Fatal Addiction: Ted Bundy's Final Interview
Ted Bundy granted an interview to James Dobson just before he was executed on January 24, 1989.
Watch online
Fatal Addiction: Ted Bundy's Final Interview
For more information about Ted Bundy's anniversary interview with Dr. Dobson, visit
CitizenLink.com for news reports, expert analysis and excerpts from the interview.
The Interview
Ted Bundy, an infamous serial killer, granted an interview to
psychologist James Dobson just before he was executed on January 24,
1989. In that interview, he described the agony of his addiction to
pornography. Bundy goes back to his roots, explaining the development of
his compulsive behavior. He reveals his addiction to hard-core
pornography and how it fueled the terrible crimes he committed.
A road that leads to nowhere
When Ted Bundy was thirteen years
old, he discovered “dirty magazines” in a dump near his home. He was
instantly captivated by them. In time, Bundy became more and more
addicted to violent images in magazines and videos. He got his kicks
from seeing women being tortured and murdered. When he tired of that,
there was only one place his addiction could go - from fantasy to
reality.
Bundy, a good-looking, intelligent law student, learned to lure women
into his car by various forms of deception. He would put a cast on his
arm or leg, then walk across a university campus carrying several books.

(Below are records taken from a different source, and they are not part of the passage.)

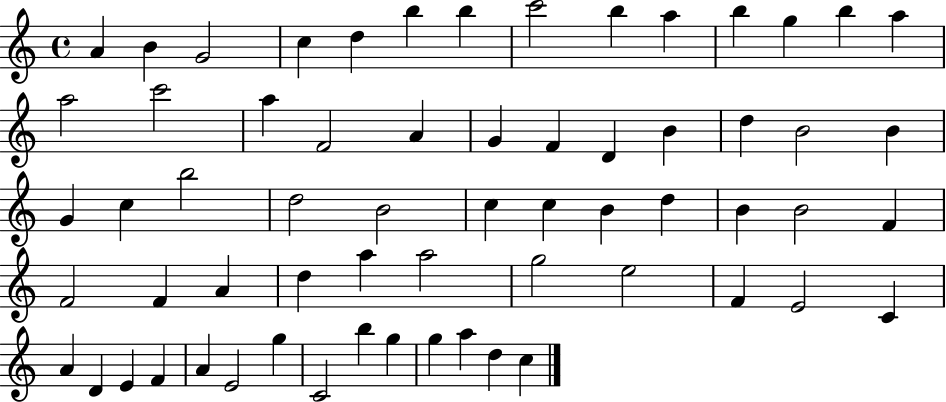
X:1
T:Untitled
M:4/4
L:1/4
K:C
A B G2 c d b b c'2 b a b g b a a2 c'2 a F2 A G F D B d B2 B G c b2 d2 B2 c c B d B B2 F F2 F A d a a2 g2 e2 F E2 C A D E F A E2 g C2 b g g a d c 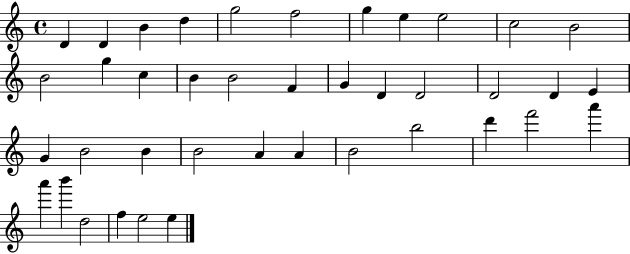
{
  \clef treble
  \time 4/4
  \defaultTimeSignature
  \key c \major
  d'4 d'4 b'4 d''4 | g''2 f''2 | g''4 e''4 e''2 | c''2 b'2 | \break b'2 g''4 c''4 | b'4 b'2 f'4 | g'4 d'4 d'2 | d'2 d'4 e'4 | \break g'4 b'2 b'4 | b'2 a'4 a'4 | b'2 b''2 | d'''4 f'''2 a'''4 | \break a'''4 b'''4 d''2 | f''4 e''2 e''4 | \bar "|."
} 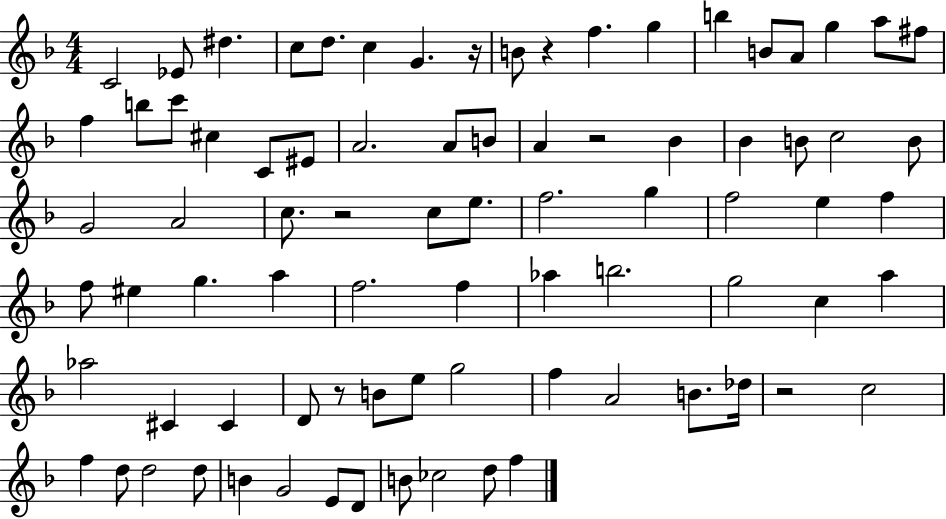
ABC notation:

X:1
T:Untitled
M:4/4
L:1/4
K:F
C2 _E/2 ^d c/2 d/2 c G z/4 B/2 z f g b B/2 A/2 g a/2 ^f/2 f b/2 c'/2 ^c C/2 ^E/2 A2 A/2 B/2 A z2 _B _B B/2 c2 B/2 G2 A2 c/2 z2 c/2 e/2 f2 g f2 e f f/2 ^e g a f2 f _a b2 g2 c a _a2 ^C ^C D/2 z/2 B/2 e/2 g2 f A2 B/2 _d/4 z2 c2 f d/2 d2 d/2 B G2 E/2 D/2 B/2 _c2 d/2 f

When he saw an interesting coed standing or walking alone, he’d
“accidentally” drop the books near her. The girl would help him gather
them and take them to his car. Then he would entice her or push her into
the vehicle where she was taken captive. After he had molested the girl
and the rage of passion had passed, she would be killed and Bundy would
dump her body in a region where it would not be found for months. This
went on for years.
By the time he was apprehended, Bundy had killed at least
twenty-eight young women and girls in acts too horrible to contemplate.
He was finally convicted and sentenced to death for killing a
twelve-year-old girl and dumping her body in a pigsty. After more than
ten years of appeals and legal maneuvering, a judge gave the order for
Bundy’s execution. That week, he asked an attorney to call me and
request that I come to Florida State Prison for a final interview.

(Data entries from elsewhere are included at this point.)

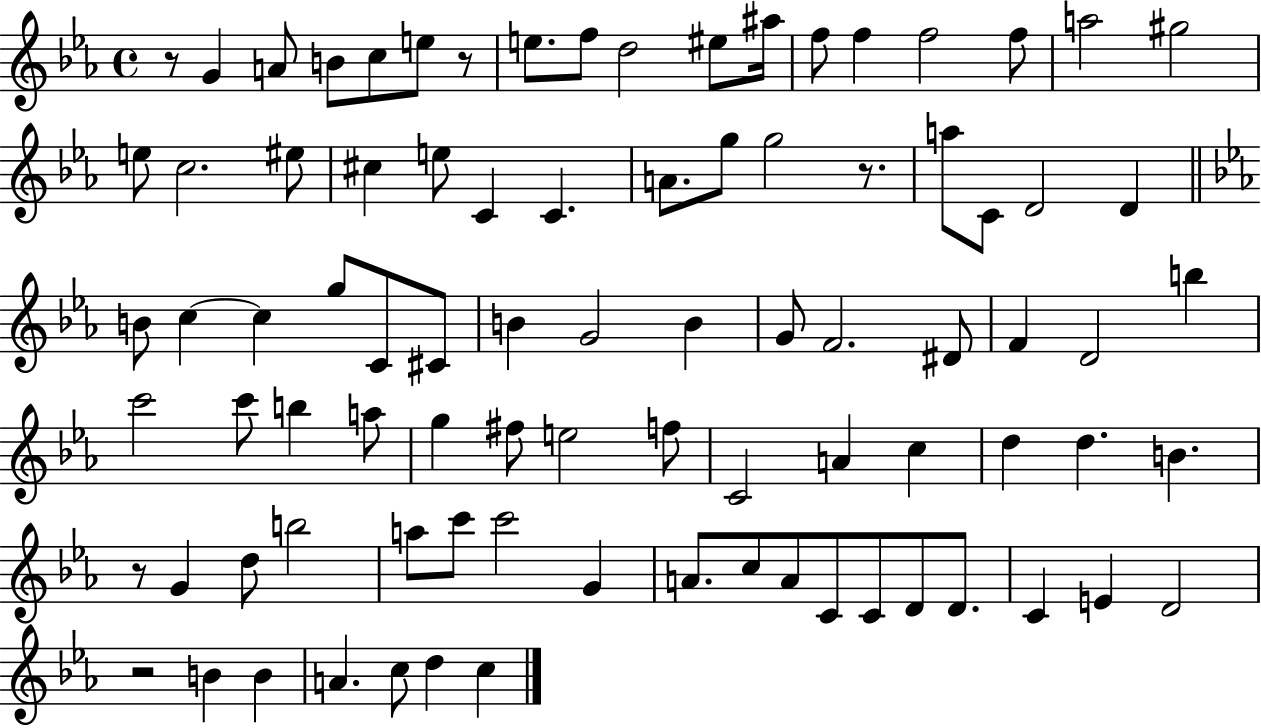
{
  \clef treble
  \time 4/4
  \defaultTimeSignature
  \key ees \major
  r8 g'4 a'8 b'8 c''8 e''8 r8 | e''8. f''8 d''2 eis''8 ais''16 | f''8 f''4 f''2 f''8 | a''2 gis''2 | \break e''8 c''2. eis''8 | cis''4 e''8 c'4 c'4. | a'8. g''8 g''2 r8. | a''8 c'8 d'2 d'4 | \break \bar "||" \break \key ees \major b'8 c''4~~ c''4 g''8 c'8 cis'8 | b'4 g'2 b'4 | g'8 f'2. dis'8 | f'4 d'2 b''4 | \break c'''2 c'''8 b''4 a''8 | g''4 fis''8 e''2 f''8 | c'2 a'4 c''4 | d''4 d''4. b'4. | \break r8 g'4 d''8 b''2 | a''8 c'''8 c'''2 g'4 | a'8. c''8 a'8 c'8 c'8 d'8 d'8. | c'4 e'4 d'2 | \break r2 b'4 b'4 | a'4. c''8 d''4 c''4 | \bar "|."
}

When I arrived, I discovered a circus-like atmosphere outside the
prison. Teenagers carried signs saying “Burn, Bundy, Burn,” and “You’re
Dead, Ted.” Also in the crowd were more than 300 reporters who had come
to get a story on the killer’s last hours, but Bundy wouldn’t talk to
them. He had something important to say, and he believed the media
couldn’t be trusted to report it accurately. Therefore, I was invited to
bring a camera crew to record his last comments from death.
I’ll never forget that experience. I went through seven steel doors
and metal detectors so sensitive that my tie tack and the nails in my
shoes were enough to set off an alarm. Finally, I reached an inner
chamber where Bundy and I were to meet. He was brought in,
strip-searched, and then surrounded by six prison guards while he talked
to me. Midway through our conversation, the lights suddenly went dim.

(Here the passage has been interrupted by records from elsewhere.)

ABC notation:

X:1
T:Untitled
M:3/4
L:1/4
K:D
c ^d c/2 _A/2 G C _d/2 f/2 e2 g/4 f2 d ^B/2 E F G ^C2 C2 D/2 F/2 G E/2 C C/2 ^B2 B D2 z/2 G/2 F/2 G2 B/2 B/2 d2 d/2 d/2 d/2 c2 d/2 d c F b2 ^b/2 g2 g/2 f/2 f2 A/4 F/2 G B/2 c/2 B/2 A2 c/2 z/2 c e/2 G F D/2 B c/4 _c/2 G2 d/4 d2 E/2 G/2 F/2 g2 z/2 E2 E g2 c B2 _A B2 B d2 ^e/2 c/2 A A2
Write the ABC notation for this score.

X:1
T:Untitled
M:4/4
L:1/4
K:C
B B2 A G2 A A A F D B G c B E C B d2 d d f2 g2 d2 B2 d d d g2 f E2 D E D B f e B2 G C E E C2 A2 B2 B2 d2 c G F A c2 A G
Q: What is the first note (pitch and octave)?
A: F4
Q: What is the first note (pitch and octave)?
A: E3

Ted said, “Just wait a moment, and they will come back on.”
I didn’t realize until later what had happened. The prisoner knew
that his executioners were testing the electric chair that would take
his life the next morning.
Ted Bundy wanted to tell the world about pornography
What was it that Ted Bundy was so anxious to say? He felt he owed it
to society to warn of the dangers of hard-core pornography and to
explain how it had led him to murder so many innocent women and girls.
With tears in his eyes, he described the monster that took possession of
him when he had been drinking. His craze to kill was always inflamed by
violent pornography. Quoted below is an edited transcript of the
conversation that occurred just seventeen hours before Ted was led to
the electric chair.
James C. Dobson: It is about 2:30 in the afternoon.
You are scheduled to be executed tomorrow morning at 7:00, if you don’t
receive another stay. What is going through your mind? What thoughts
have you had in these last few days?
Ted: I won’t kid you to say it is something I feel
I’m in control of or have come to terms with. It’s a moment-by-moment
thing. Sometimes I feel very tranquil and other times I don’t feel
tranquil at all. What’s going through my mind right now is to use the
minutes and hours I have left as fruitfully as possible. It helps to
live in the moment, in the essence that we use it productively. Right
now I’m feeling calm, in large part because I’m here with you.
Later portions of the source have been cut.